I am trying to co-register the digitized locations of the EEG channels with the default brain anatomy (no individual MRI available). I digitized the EEG channel locations with a 3D scanner and I imported them from Fieldtrip following the same procedure described in this thread:
Note that since channel locations are in SCS coordinates, I imported them without importing the fiducials because they are intrinsic in the subject's coordinate system.
However, for some subjects there is some mismatch between the channel locations and the head surface (see attached figure).
One solution I tried is to warp the head surface to the channel locations, but it looks to me that fiducials are not taken into account anymore.
So my first question is: how to constrain warping with the fiducials?
Ideally, a better solution would be to fully exploit the 3D image and also import additional head points. Assuming that I find a way to do this with Fieldtrip, how could I import them into BST to refine co-registration?
Do you foresee the possibility of importing 3D scanner images directly into BST? That would really be great :-).
Please keep in mind that for registration of sensors on the anatomy there are two sets of fiducials in play:
Fiducials in the MRI (of the Default anatomy), these are the ones the one in the MRI volume. Double-click the MRI, then right-click on the figure, then Figure > Edit fiducials (select Yes, to continue). Now just click on the green button View for the NAS, LPA and RPA fiducials to see their location.
Fiducials in the sensors coordinates. These are the locations that were digitized (Polhemus or 3D scanner).
If you sensors are already in SCS, just double-check that the sensor fiducials and the anatomy fiducials were defined in the same place. If they were not check the link above.
When warping, the fiducials are kept in place, then the anatomy is warped to match the best the head points (in this case the electrode positions). As you can see, this relies in a good initial alignment of the two fiducial sets. https://neuroimage.usc.edu/brainstorm/Tutorials/TutWarping
It should be straight forward to save a subsample of the vertices of the 3D images in a text file either csv or tsv, in a format like this:
x y z
x y z
x y z
Then, to import them in Brainstorm, just right-click on the channel file once the data is linked to review, and Digitized head points > Add points.... Use the format EEG: ASCII: XYZ (*.*) if your file looks like above.
Good timing for this questions. We are currently reviewing the code to do so. It should be in Brainstorm in one or two weeks.

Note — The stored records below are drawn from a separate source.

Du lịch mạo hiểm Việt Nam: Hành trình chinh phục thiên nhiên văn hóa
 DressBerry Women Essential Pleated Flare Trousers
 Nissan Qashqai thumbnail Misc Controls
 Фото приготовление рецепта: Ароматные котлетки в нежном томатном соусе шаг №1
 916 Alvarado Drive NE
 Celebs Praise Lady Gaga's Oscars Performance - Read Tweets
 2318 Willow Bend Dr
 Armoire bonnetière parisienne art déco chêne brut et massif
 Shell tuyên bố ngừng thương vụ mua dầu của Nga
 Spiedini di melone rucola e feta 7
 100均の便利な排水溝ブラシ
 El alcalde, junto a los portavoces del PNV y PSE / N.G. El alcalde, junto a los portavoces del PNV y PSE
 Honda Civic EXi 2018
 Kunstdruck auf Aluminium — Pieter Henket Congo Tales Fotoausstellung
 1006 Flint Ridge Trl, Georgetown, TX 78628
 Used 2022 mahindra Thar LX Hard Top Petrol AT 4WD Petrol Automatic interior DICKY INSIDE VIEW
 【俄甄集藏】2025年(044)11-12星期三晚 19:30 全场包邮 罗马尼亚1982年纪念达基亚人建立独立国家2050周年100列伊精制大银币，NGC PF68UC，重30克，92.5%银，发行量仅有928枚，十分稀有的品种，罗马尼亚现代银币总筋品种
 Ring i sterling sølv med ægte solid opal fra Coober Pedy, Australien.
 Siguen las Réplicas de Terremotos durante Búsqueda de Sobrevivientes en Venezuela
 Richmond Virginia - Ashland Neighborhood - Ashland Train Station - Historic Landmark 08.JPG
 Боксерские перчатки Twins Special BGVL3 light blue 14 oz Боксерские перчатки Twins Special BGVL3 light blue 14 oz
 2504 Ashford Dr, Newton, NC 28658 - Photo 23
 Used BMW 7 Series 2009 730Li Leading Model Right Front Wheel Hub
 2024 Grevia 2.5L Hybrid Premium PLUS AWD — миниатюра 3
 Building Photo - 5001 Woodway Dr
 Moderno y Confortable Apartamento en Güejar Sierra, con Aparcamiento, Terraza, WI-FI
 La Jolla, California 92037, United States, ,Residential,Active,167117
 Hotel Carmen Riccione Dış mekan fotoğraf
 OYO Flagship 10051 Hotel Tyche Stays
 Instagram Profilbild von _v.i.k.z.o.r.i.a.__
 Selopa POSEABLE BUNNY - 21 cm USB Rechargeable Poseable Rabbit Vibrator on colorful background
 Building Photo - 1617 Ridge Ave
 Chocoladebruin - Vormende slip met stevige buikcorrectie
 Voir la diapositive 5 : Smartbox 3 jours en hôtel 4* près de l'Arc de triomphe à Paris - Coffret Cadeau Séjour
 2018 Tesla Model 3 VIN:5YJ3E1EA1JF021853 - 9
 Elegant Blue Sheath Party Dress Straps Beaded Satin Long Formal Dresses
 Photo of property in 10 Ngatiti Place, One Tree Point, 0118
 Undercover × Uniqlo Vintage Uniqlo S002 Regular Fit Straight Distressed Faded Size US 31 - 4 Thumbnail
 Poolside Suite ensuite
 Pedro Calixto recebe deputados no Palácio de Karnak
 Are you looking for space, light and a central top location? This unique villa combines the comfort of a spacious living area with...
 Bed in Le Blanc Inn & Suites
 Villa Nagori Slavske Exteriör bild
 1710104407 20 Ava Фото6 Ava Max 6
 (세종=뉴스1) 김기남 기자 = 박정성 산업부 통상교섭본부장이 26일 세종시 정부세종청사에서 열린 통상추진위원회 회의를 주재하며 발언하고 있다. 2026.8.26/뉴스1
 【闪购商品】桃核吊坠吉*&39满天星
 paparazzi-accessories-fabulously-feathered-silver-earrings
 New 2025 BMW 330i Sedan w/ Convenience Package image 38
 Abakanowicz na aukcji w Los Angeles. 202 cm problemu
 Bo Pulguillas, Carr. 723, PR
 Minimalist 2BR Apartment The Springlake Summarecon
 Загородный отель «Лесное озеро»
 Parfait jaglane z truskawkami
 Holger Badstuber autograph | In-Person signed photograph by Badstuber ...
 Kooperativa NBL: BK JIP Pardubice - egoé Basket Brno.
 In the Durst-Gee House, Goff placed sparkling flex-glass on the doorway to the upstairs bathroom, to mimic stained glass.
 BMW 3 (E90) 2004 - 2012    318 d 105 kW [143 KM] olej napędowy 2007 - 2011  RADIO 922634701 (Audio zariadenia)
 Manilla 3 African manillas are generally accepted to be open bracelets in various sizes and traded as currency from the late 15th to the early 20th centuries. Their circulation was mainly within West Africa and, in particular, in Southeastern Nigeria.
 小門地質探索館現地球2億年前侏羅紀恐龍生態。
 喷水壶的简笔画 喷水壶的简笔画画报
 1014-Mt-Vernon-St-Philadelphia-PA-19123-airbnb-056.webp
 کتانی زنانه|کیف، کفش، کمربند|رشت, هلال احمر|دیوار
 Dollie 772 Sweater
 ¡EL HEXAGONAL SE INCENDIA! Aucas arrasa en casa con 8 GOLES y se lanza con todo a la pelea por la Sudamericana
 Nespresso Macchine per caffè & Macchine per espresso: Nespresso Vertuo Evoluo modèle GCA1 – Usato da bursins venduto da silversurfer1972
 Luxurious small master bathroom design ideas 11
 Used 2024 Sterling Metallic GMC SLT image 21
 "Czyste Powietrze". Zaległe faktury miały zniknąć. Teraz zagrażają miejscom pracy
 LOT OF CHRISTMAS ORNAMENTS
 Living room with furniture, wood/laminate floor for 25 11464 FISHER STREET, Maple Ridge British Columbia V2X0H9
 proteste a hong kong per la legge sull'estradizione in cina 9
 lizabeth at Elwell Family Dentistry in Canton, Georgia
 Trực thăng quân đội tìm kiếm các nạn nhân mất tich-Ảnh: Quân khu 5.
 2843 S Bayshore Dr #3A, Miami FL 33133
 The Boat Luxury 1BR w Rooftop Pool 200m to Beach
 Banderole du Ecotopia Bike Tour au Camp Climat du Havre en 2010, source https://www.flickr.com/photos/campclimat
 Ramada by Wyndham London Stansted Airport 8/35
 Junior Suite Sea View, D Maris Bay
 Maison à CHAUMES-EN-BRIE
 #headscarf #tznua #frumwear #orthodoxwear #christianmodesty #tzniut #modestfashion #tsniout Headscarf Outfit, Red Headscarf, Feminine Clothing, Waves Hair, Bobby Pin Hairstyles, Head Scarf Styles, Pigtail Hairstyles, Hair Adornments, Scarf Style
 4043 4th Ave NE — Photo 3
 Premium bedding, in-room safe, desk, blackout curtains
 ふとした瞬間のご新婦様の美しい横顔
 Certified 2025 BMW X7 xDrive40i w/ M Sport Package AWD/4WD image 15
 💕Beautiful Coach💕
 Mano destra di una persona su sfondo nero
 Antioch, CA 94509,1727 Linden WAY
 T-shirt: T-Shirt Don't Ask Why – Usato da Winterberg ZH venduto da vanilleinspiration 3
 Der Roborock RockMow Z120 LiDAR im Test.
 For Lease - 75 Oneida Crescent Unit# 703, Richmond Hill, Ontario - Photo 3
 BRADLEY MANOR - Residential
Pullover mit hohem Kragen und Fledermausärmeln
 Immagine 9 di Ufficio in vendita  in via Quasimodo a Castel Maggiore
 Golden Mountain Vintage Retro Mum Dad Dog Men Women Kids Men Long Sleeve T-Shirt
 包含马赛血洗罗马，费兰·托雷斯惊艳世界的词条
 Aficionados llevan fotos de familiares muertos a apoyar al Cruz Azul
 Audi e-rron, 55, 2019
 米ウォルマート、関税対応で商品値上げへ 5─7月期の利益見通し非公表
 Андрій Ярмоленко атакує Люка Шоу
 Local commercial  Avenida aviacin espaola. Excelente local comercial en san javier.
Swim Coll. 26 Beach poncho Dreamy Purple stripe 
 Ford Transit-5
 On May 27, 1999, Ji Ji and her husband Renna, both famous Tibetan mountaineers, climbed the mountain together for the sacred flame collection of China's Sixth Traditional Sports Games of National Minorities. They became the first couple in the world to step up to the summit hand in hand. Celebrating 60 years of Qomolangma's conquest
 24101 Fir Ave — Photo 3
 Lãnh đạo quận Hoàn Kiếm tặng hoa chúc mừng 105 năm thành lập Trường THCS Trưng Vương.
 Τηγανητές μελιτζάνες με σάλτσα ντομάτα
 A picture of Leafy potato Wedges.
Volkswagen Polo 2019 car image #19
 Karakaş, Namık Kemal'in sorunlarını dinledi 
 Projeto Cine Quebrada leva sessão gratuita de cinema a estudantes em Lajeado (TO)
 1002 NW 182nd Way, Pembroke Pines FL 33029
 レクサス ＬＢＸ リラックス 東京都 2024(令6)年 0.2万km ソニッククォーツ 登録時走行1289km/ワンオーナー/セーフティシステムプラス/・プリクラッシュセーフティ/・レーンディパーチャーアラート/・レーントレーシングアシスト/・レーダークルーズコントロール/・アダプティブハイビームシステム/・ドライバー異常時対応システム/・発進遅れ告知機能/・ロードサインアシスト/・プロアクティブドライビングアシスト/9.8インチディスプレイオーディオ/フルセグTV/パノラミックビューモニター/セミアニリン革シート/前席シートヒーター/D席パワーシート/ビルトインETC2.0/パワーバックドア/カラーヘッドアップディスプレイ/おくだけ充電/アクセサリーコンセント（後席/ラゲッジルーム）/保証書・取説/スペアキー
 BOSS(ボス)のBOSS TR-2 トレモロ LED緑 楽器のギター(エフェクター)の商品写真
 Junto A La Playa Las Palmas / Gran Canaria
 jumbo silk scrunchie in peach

Thank you very much Raymundo for the prompt response.
I confirm that sensor fiducials were defined in the same place of the anatomy fiducials - in my case, since I am using the default anatomy, I locate preauricular points at the junction between the tragus and the helix.
I also followed your indications on how to add additional head points, and it works, thanks!
However, there is one thing that does not work: to double-check that fiducial location was exactly the same, I added the fiducials as additional points (green points in the figure below) in the case of a subject with a substantial mismatch between the channel positions and the default anatomy. I found out that, while the preauricular points coincided, the nasion of the anatomy was much more anterior than the one from the sensor space - which also seems to explain the mismatch. See the figure here:
Do you have any idea why? Or should I forward the problem to Fieldtrip?
Thanks
Marco
PS Great that you are coding the 3D scanner image import, looking forward!
I reasoned that the likely reason for the mismatch between the digitized nasion and the default anatomy nasion is simply that they come from two different heads with a different proportion between the distance between the preauricular points and the distance between the nasion and the coordinates origin. Does this make sense?
If that is the case, the solution to this could be warping, but it is fundamental that warping incorporates the digitized fiducials as the true fiducials. I tried warping and the result seems to confirm this: EEG_3D_coreg_warped@default_subject.tif (224.6 KB)
However, I am not completely sure as fiducials were also among the additional head points. Can you please confirm that warping considers as fiducials the digitized ones (i.e. the ones from the 3D scanner image) and not the default anatomy ones? Otherwise, how should I constrain it to do so?
In general, is there any drawback in doing warping on EEG data like this? (I read in this previous thread that warping was originally designed for MEG data: Warping vs. MRI Registration Edit - #2 by Francois).
Hello again (2) and sorry for the multiple questions.
I have a related question concerning the digitized head points used by warping. We use a sponge-based EEG system (RNet, Brain Products). Differently from gel-based systems, here the electrodes are not attached to the scalp, but they are separated by the sponges, which are approximately 9 mm thick when recording a subject. Therefore, I think it is more correct to use as head points for warping not the position of the electrodes but the corresponding position on the scalp, 9 mm inward. However, it seems to me that once I have uploaded the EEG channel file, BST automatically considers the channel points as head points. Also, it automatically loads the head points associated with the default anatomy. Due to this, I need to
first upload the channel file with the correct channel positions,
then remove all additional head points (Digitized head points > Remove all points),
then upload as additional head points the channel points moved 9 mm inward and additional digitized points.
Is this correct? Is there a simpler way to do this? And is this worth for more precise source reconstruction (which is of course the only motivation for all this )?